____ Provided data

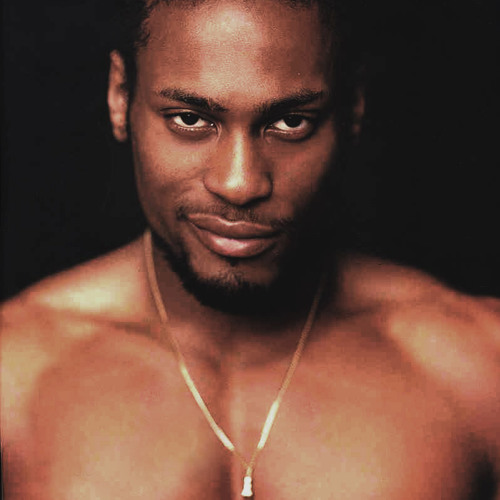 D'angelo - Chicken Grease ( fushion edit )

________
____ Provided data

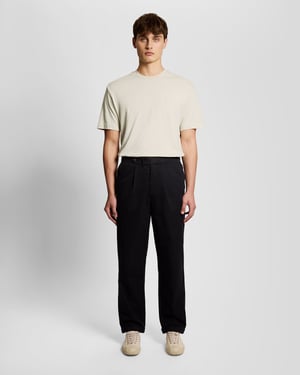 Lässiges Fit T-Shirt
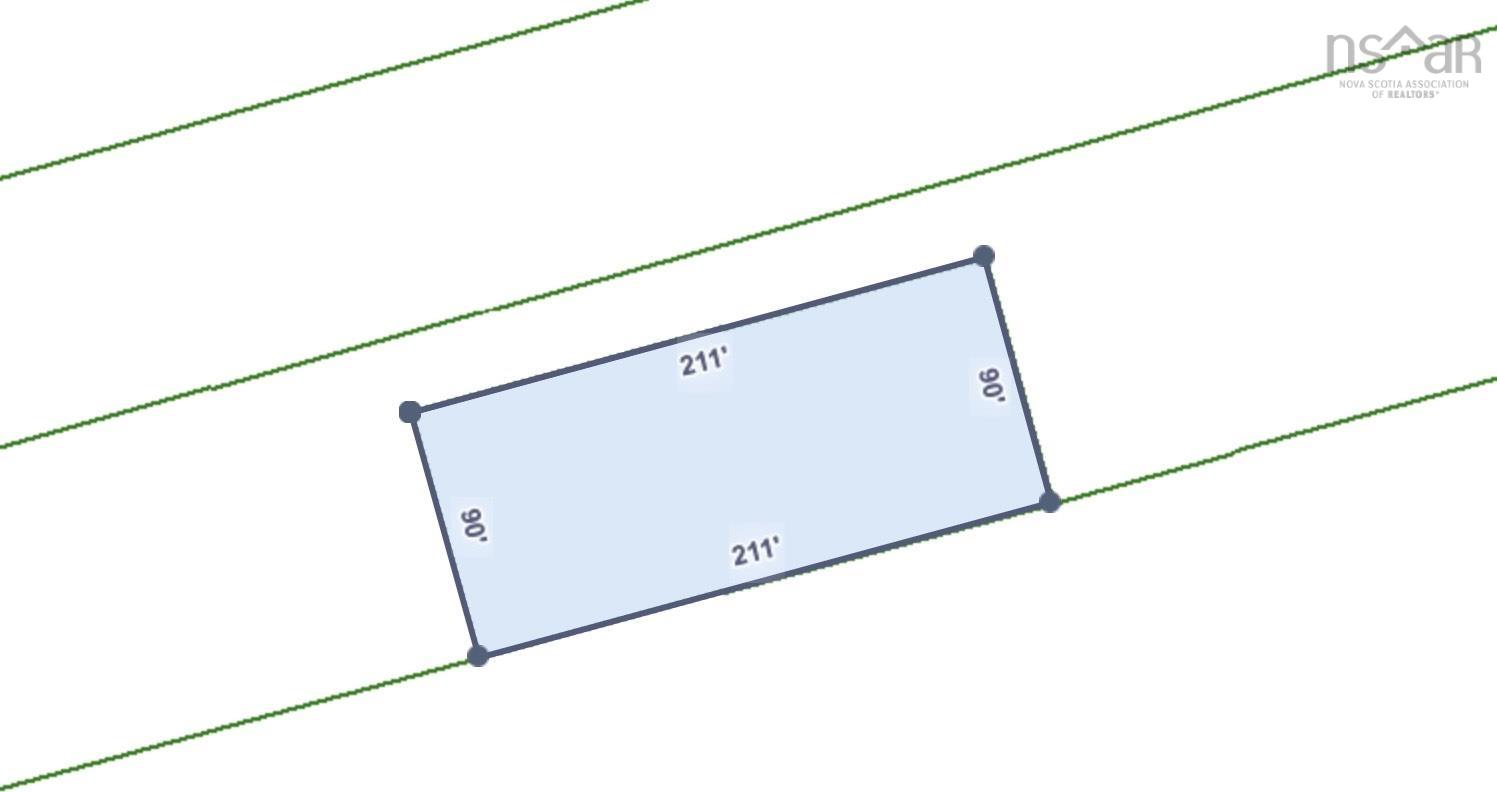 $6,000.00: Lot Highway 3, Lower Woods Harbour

________
____ Provided data

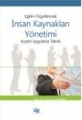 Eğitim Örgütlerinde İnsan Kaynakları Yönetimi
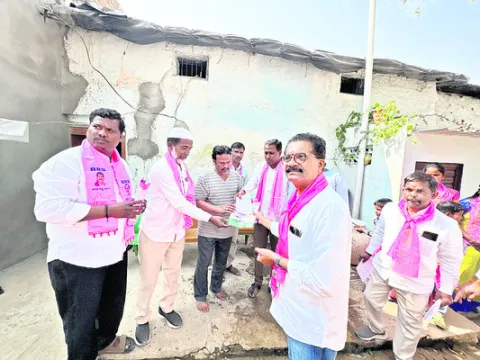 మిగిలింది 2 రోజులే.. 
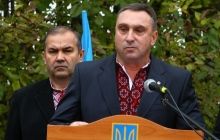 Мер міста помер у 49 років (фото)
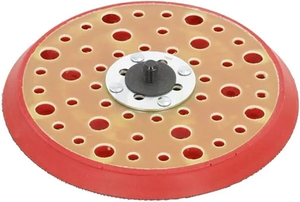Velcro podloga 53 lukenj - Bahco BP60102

________

• The problem: Every line above from the one with "Eğitim Örgütlerinde İnsan" down to the one with "Velcro podloga 53 lukenj - Bahco BP60102" must be written out exactly, and no picture may appear.

• Finished task:
 Eğitim Örgütlerinde İnsan Kaynakları Yönetimi
 మిగిలింది 2 రోజులే.. 
 Мер міста помер у 49 років (фото)
Velcro podloga 53 lukenj - Bahco BP60102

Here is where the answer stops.